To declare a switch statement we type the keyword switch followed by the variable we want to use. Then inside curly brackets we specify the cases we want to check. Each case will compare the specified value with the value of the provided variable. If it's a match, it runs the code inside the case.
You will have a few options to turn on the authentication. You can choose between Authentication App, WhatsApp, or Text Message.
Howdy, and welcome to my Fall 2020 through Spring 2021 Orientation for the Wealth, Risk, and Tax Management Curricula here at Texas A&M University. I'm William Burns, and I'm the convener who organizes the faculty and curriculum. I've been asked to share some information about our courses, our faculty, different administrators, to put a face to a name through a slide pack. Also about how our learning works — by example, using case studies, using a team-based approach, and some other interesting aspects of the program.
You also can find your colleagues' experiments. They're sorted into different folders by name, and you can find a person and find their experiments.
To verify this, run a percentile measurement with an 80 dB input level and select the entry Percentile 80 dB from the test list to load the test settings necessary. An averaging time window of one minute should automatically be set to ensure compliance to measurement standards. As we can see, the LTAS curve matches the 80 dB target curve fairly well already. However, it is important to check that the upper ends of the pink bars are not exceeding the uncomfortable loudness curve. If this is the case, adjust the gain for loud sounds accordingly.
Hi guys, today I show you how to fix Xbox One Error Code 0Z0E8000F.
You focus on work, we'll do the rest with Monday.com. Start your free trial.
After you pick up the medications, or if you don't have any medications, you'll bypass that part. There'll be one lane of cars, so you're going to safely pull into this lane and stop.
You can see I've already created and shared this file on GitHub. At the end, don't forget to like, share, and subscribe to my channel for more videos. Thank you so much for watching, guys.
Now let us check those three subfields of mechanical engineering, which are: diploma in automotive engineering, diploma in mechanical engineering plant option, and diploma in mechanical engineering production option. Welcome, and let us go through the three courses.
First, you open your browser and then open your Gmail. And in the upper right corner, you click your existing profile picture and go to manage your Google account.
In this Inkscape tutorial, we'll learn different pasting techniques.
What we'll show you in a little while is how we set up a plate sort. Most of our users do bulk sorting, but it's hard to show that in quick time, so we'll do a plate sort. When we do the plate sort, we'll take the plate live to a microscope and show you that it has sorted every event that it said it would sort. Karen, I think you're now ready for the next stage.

^^^^^^^^^^^^^^^^

What you should output is every line of the records above, from the first through the line containing "You will have", unchanged.

* Answer space *
To declare a switch statement we type the keyword switch followed by the variable we want to use. Then inside curly brackets we specify the cases we want to check. Each case will compare the specified value with the value of the provided variable. If it's a match, it runs the code inside the case.
You will have a few options to turn on the authentication. You can choose between Authentication App, WhatsApp, or Text Message.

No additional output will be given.